Our main insight is two-fold. First, we show that the benefits from allowing customized products returns are smaller than for standard products, but the costs are bigger, and thus allowing returns of customized products is rarely profitable by itself. However, -- and most importantly, -- we also show that a firm that offers both standard and customized products could use customized products returns policy as a way to nudge consumers to self-select from buying standard products toward buying customized, and by doing so reduce returns. Since returns represent an enormous cost for manufacturers and retailers alike, this novel linkage between customization and returns provides insight to numerous firms across multiple industries, and has the potential to affect millions of consumers.
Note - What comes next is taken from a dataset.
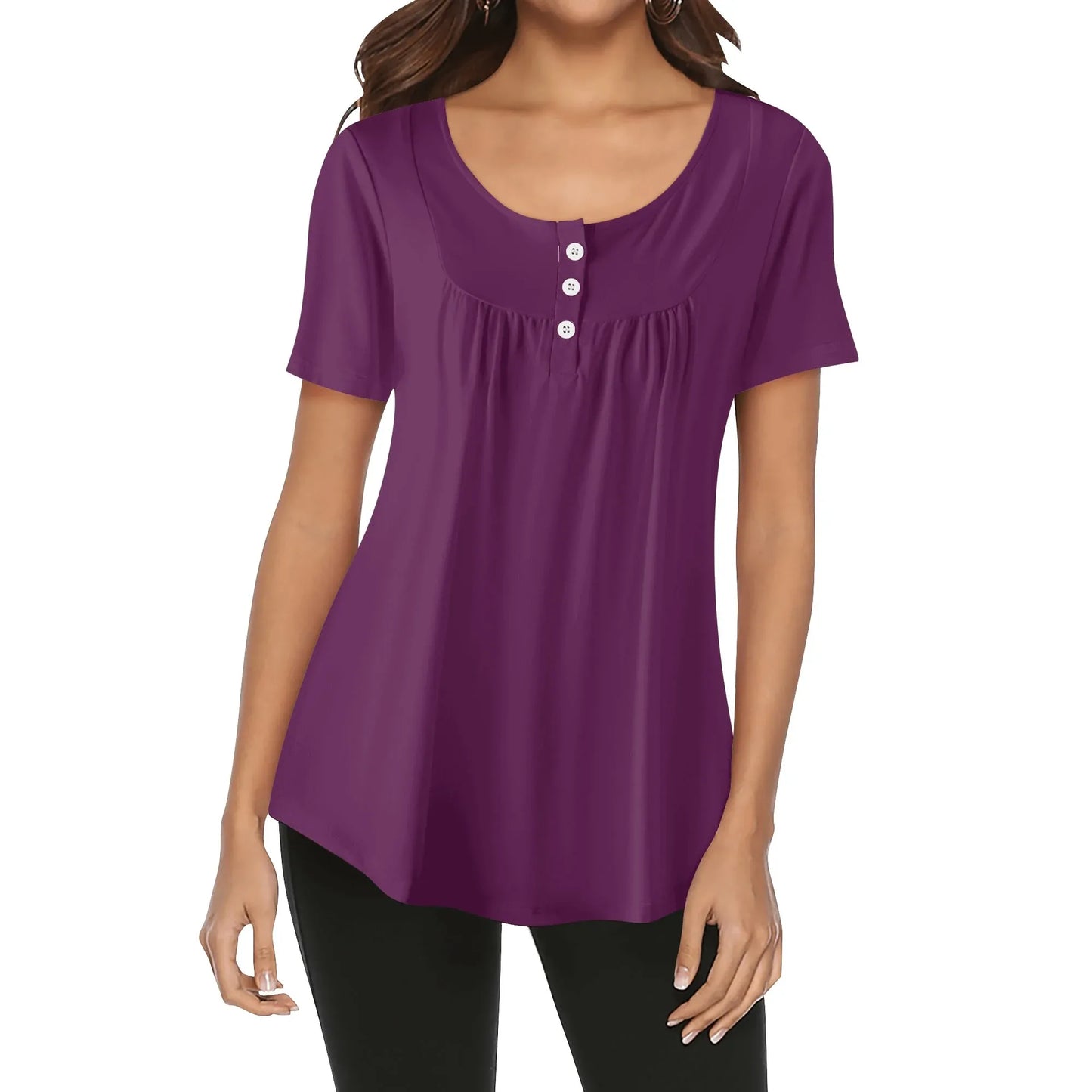 lockere-bluse-mit-u-ausschnitt-und-kurzen-armeln-fur-damen-tyrian-purple-bluse-jlr-design-1 - JLR Design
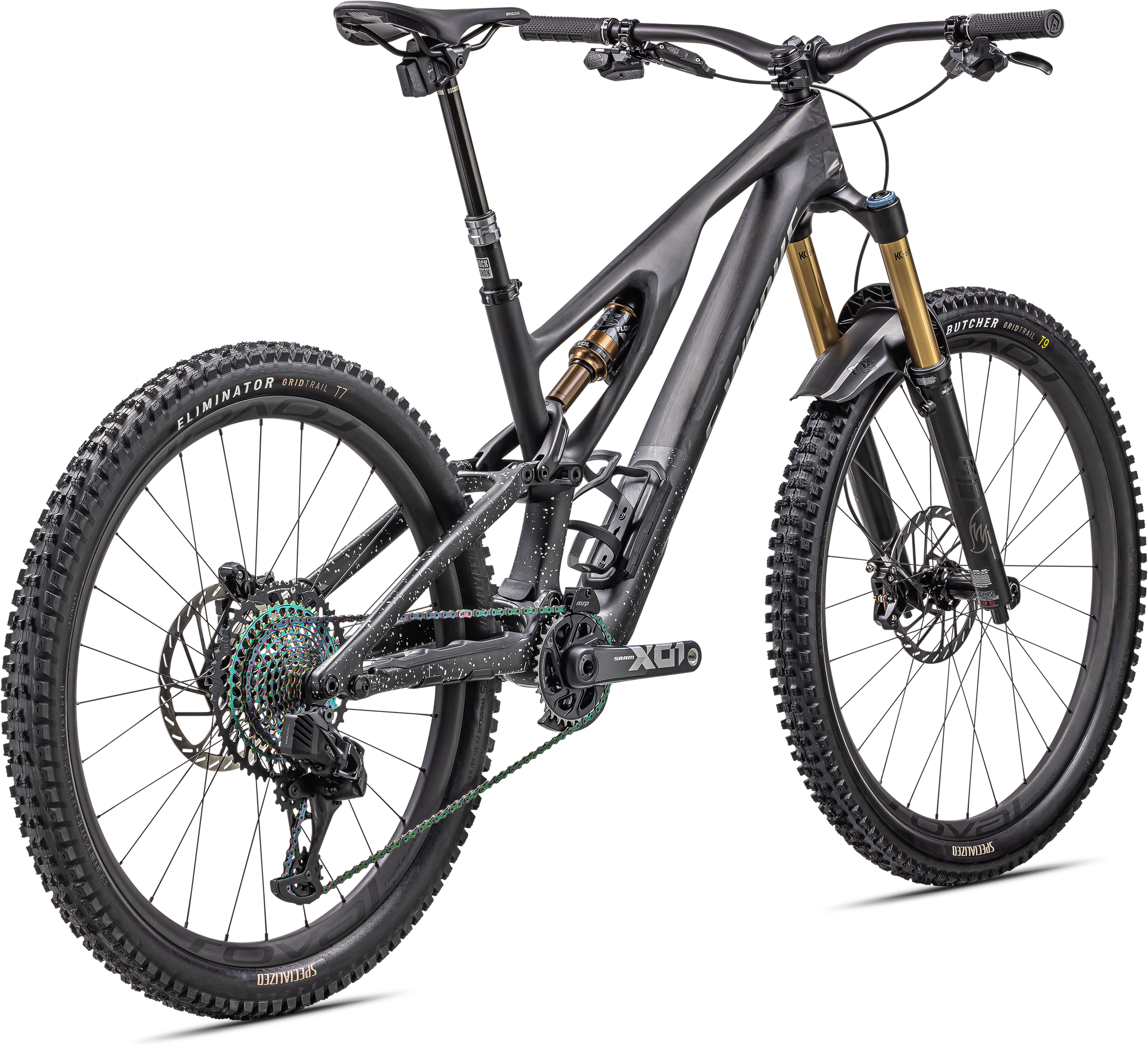 Specialized S-Works Stumpjumper EVO - SRAM XX1 AXS, FOX Factory - Satin Carbon / Brushed Liquid Black Metal / Limestone / Brushed Chrome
Gökçe’s current research primarily focuses on sustainable operations. Whether driven by regulations or taken voluntarily, the true sustainability impact of firms’ decisions is shaped by the interactions of supply chain members, market competition, and consumer preferences. She studies the interplay between these factors and their effect on firms’ sustainability performance. Her research has been published in journals such as Manufacturing & Service Operations Management, Production and Operations Management, Journal of Operations Management, IISE Transactions, and Naval Research Logistics. She received the Krannert Young Faculty Scholar Award in 2019.
Gökçe has taught courses across all programs including Data Analysis for Managers, Sustainable Operations, Operations Management, and Doctoral Seminars on Sustainable Operations and Game Theory. She is a senior editor for Production and Operations Management and associate editor for Decision Sciences Journal, and she actively serves as a referee for top-tier OM journals. She served as the chair/co-chair of several tracks in POMS Conferences, including the Environmental Operations, Economics Models in Operations Management, Closed-Loop Supply Chains, and Marketing and OM Interface. She also served as the treasurer of Women in OR/MS in 2014-2015, the secretary and then the president of the POMS College of Sustainable Operations in 2016-2018. Currently, she is serving as the chair of MSOM Sustainable Operations SIG.